Electron bunch injection at an angle into a laser wakefield

TL;DR

This paper proposes and simulates an angled injection method for electron bunches into laser wakefield accelerators, reducing energy spread and improving charge trapping compared to traditional on-axis injection.

Contribution

It introduces a novel angled injection technique that mitigates scattering effects and relaxes bunch size constraints in laser wakefield acceleration.

Findings

Achieves electron bunches with less than 2% energy spread.

Reduces ponderomotive scattering and vacuum-plasma transition effects.

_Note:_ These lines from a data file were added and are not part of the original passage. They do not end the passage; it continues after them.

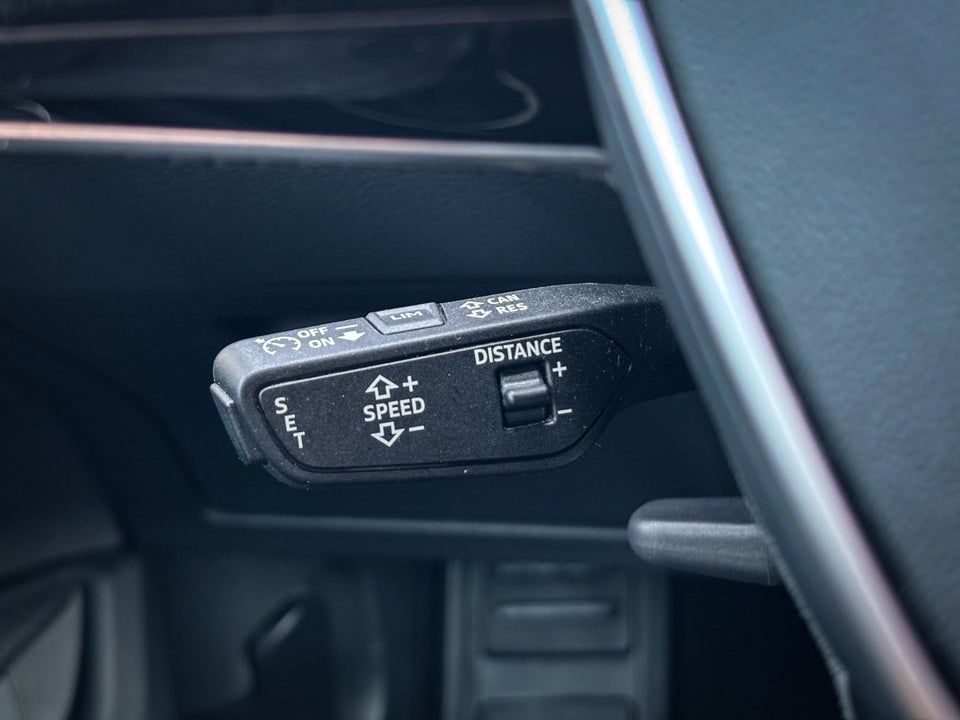 Audi e-tron 55 S-line quattro 5d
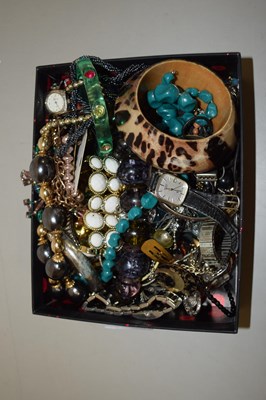 Lot 68 - Box of costume jewellery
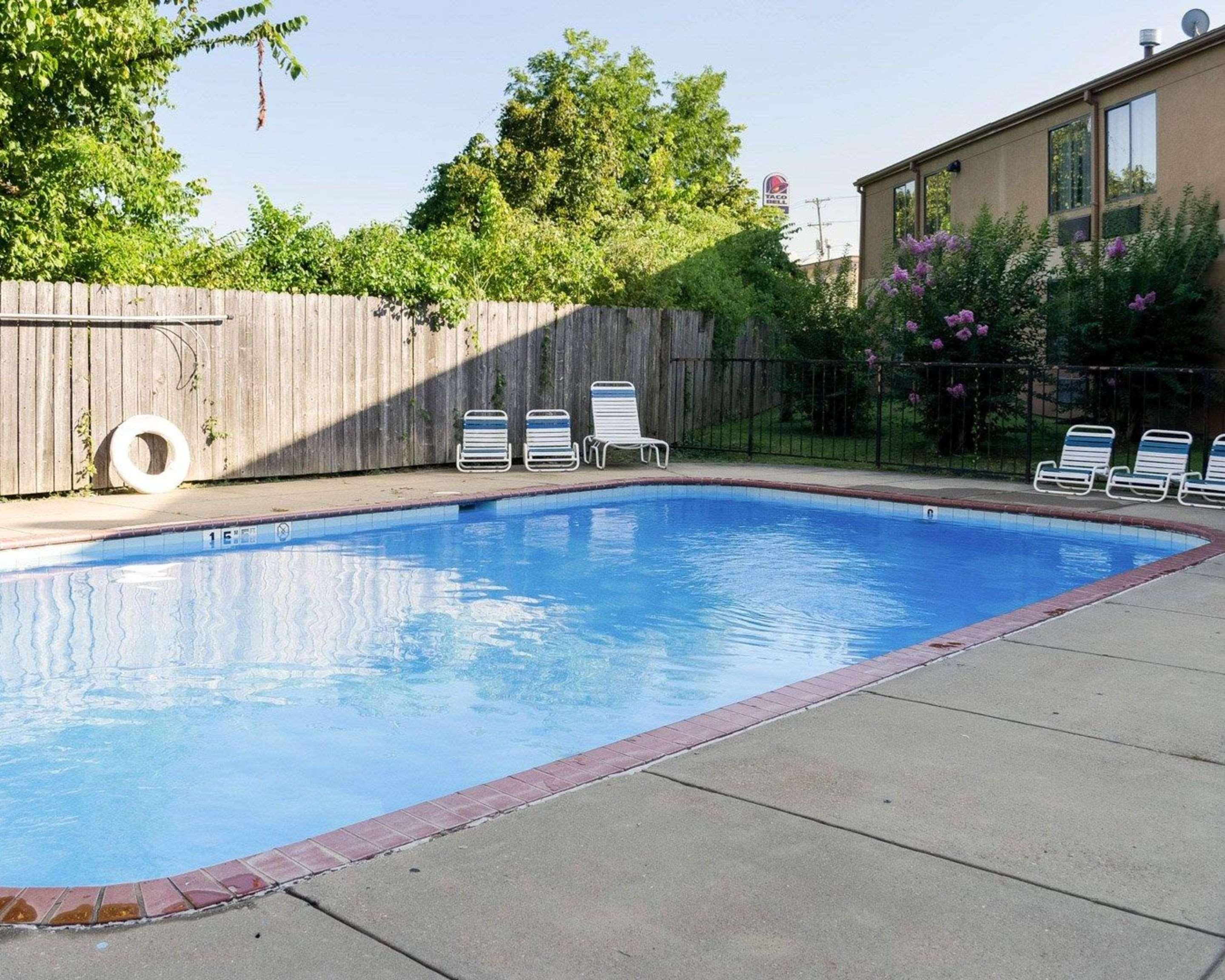 Lodge Econo Yazoo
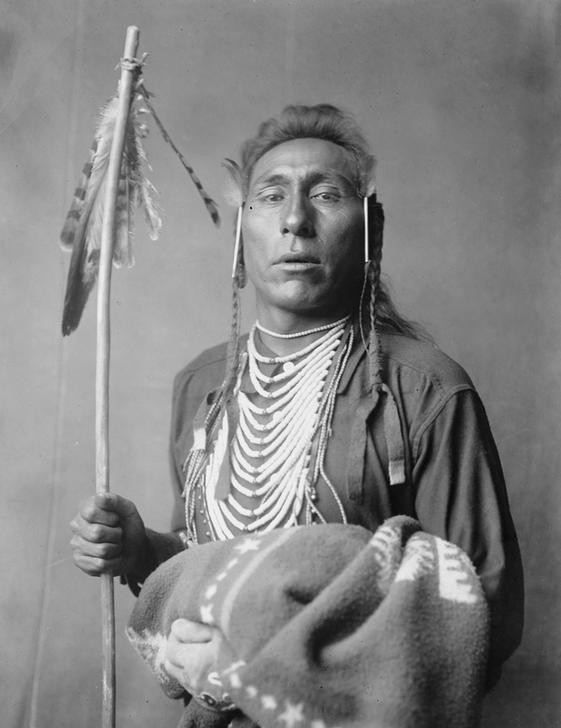 Edward S. Curtis, Unbekannt (Crow, Indianerstamm, Indianer, Federschmuck, Indianderschmuck, Portrait, Menschen,   Fotografie, Wunschgröße, Wohnzimmer, schwarz/weiß)
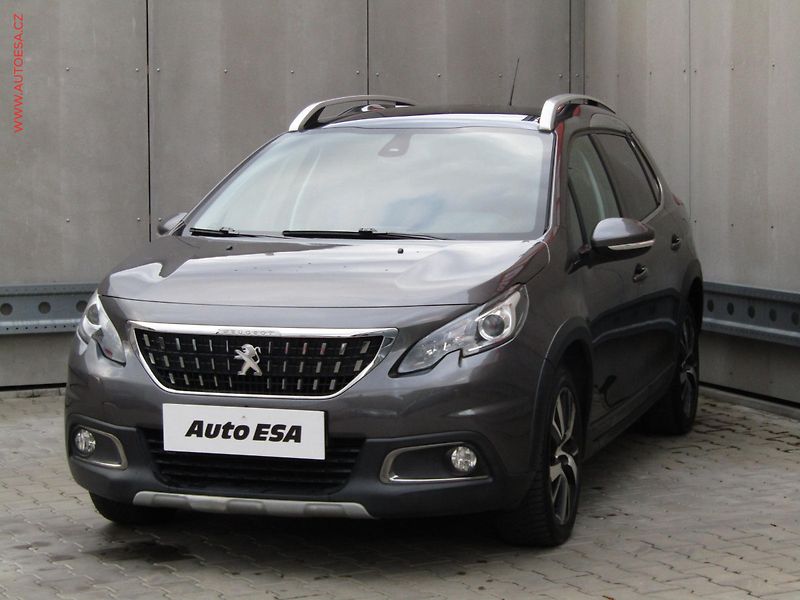 Peugeot 2008 (2018) 1.5HDi, Panorama, AC - fotka 3 z 21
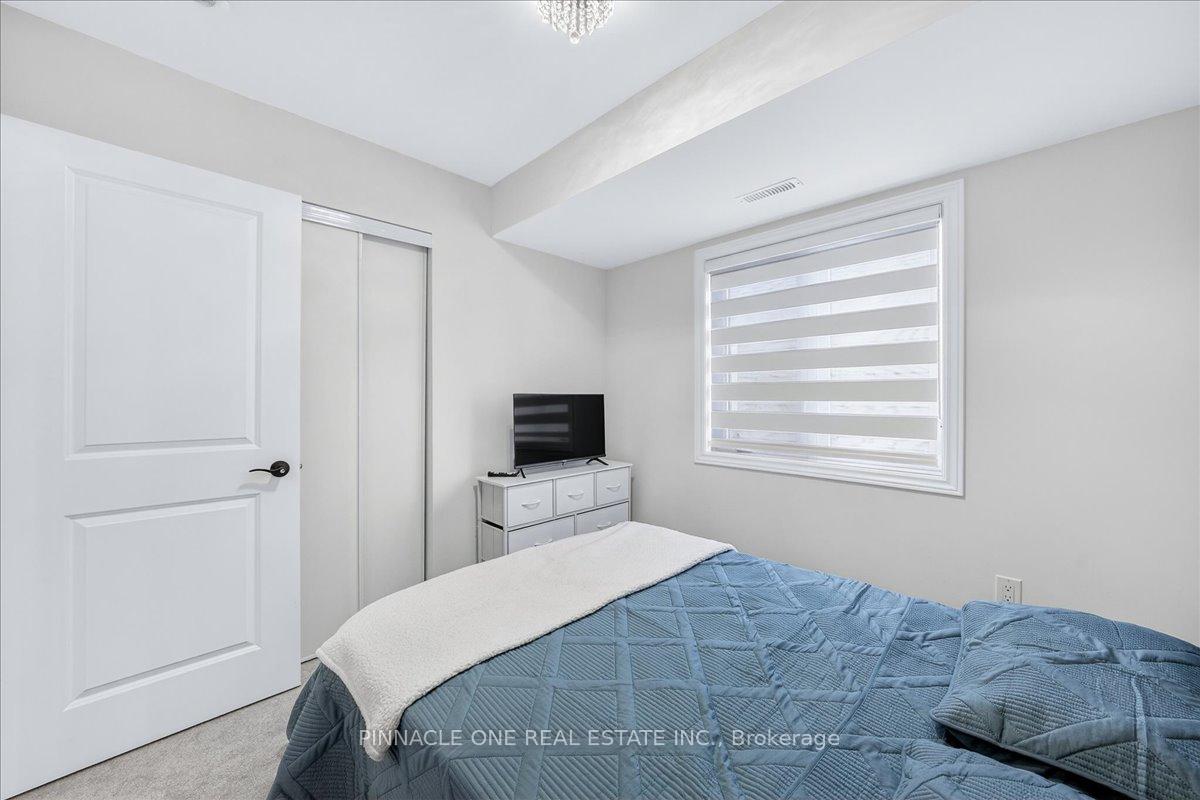 Photo 30 of Unit 4, 41 Pumpkin Corner Crescent, Barrie, Rural Barrie Southeast — HOMEH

Potential to trap more charge with less stringent bunch size requirements.

Abstract

External injection of electron bunches longer than the plasma wavelength in a laser wakefield accelerator can lead to the generation of femtosecond ultrarelativistic bunches with a couple of percent energy spread. Extensive study has been done on external electron bunch (e.g. one generated by a photo-cathode rf linac) injection in a laser wakefield for different configurations. In this paper we investigate a new way of external injection where the electron bunch is injected at a small angle into the wakefield. This way one can avoid the ponderomotive scattering as well as the vacuum-plasma transition region, which tend to destroy the injected bunch. In our simulations, the effect of the laser pulse dynamics is also taken into account. It is shown that injection at an angle can provide compressed and accelerated electron bunches with less than 2% energy spread. Another advantage of this scheme is that it has less stringent requirements in terms of the size of the injected bunch and there is the potential to trap more charge.